ABOUT THIS EXERCISE. Please print out every entry below, verbatim.

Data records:
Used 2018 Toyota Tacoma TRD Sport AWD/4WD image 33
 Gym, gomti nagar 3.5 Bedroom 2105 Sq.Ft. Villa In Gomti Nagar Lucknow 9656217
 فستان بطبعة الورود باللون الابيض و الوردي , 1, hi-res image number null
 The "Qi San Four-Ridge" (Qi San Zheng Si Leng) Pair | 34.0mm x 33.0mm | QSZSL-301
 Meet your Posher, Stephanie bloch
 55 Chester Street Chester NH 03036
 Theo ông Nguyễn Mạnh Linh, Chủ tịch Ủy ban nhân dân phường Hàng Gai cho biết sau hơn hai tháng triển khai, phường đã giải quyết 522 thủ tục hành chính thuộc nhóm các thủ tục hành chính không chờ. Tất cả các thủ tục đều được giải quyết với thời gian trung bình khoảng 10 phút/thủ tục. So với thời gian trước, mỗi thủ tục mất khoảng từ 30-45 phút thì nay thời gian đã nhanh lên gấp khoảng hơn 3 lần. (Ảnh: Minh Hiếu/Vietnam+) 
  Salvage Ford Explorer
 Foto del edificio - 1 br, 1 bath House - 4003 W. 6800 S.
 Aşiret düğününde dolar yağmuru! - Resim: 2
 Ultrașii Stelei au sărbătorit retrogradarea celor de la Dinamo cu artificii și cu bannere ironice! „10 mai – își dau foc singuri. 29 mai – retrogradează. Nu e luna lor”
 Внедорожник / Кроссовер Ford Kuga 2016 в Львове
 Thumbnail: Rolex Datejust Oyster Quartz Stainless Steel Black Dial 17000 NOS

RESULT FOR THIS TASK.
Used 2018 Toyota Tacoma TRD Sport AWD/4WD image 33
 Gym, gomti nagar 3.5 Bedroom 2105 Sq.Ft. Villa In Gomti Nagar Lucknow 9656217
 فستان بطبعة الورود باللون الابيض و الوردي , 1, hi-res image number null
 The "Qi San Four-Ridge" (Qi San Zheng Si Leng) Pair | 34.0mm x 33.0mm | QSZSL-301
 Meet your Posher, Stephanie bloch
 55 Chester Street Chester NH 03036
 Theo ông Nguyễn Mạnh Linh, Chủ tịch Ủy ban nhân dân phường Hàng Gai cho biết sau hơn hai tháng triển khai, phường đã giải quyết 522 thủ tục hành chính thuộc nhóm các thủ tục hành chính không chờ. Tất cả các thủ tục đều được giải quyết với thời gian trung bình khoảng 10 phút/thủ tục. So với thời gian trước, mỗi thủ tục mất khoảng từ 30-45 phút thì nay thời gian đã nhanh lên gấp khoảng hơn 3 lần. (Ảnh: Minh Hiếu/Vietnam+) 
  Salvage Ford Explorer
 Foto del edificio - 1 br, 1 bath House - 4003 W. 6800 S.
 Aşiret düğününde dolar yağmuru! - Resim: 2
 Ultrașii Stelei au sărbătorit retrogradarea celor de la Dinamo cu artificii și cu bannere ironice! „10 mai – își dau foc singuri. 29 mai – retrogradează. Nu e luna lor”
 Внедорожник / Кроссовер Ford Kuga 2016 в Львове
 Thumbnail: Rolex Datejust Oyster Quartz Stainless Steel Black Dial 17000 NOS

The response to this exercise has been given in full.